Exercise goal: Nothing but the lines below from the one holding "2022 Toyota Highlander" up to and including the one holding "Memuat Amunisi Dalam" should be copied, exactly and without pictures.

Exercise data:
- Opening Delimiter -
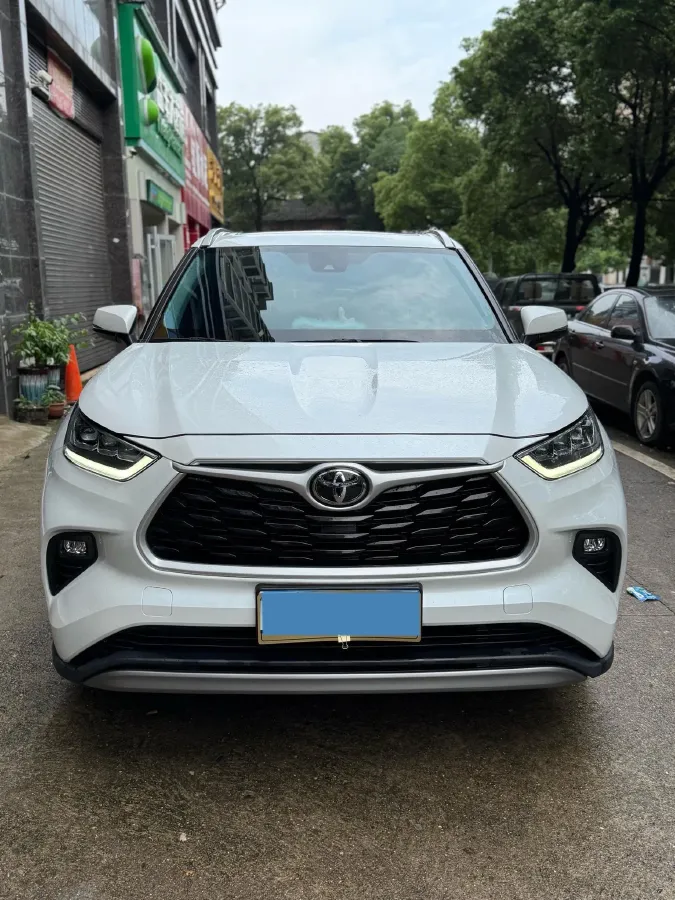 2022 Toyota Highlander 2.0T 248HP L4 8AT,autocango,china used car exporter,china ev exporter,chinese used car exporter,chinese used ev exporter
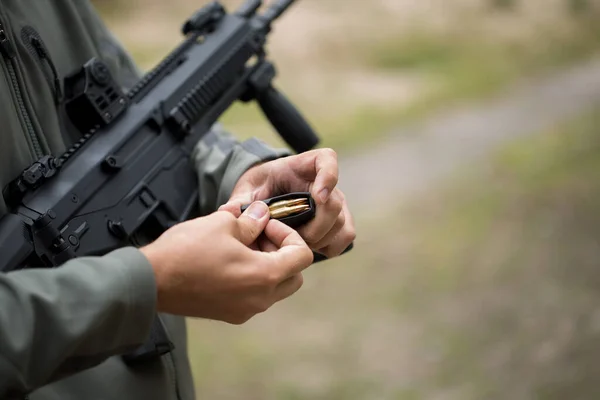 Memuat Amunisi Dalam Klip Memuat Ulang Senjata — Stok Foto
- Closing Delimiter -
- Opening Delimiter -
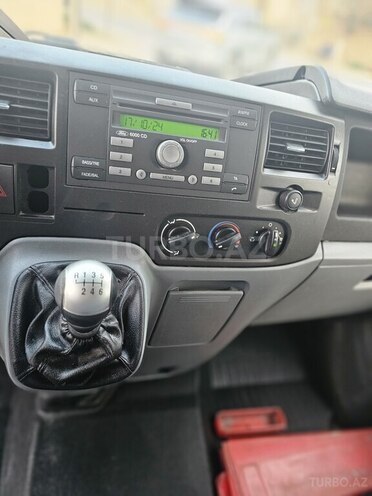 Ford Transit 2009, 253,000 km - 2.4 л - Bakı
- Closing Delimiter -
- Opening Delimiter -
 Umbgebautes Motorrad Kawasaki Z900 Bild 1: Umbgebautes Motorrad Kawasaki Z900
- Closing Delimiter -
Output of the exercise:
 2022 Toyota Highlander 2.0T 248HP L4 8AT,autocango,china used car exporter,china ev exporter,chinese used car exporter,chinese used ev exporter
 Memuat Amunisi Dalam Klip Memuat Ulang Senjata — Stok Foto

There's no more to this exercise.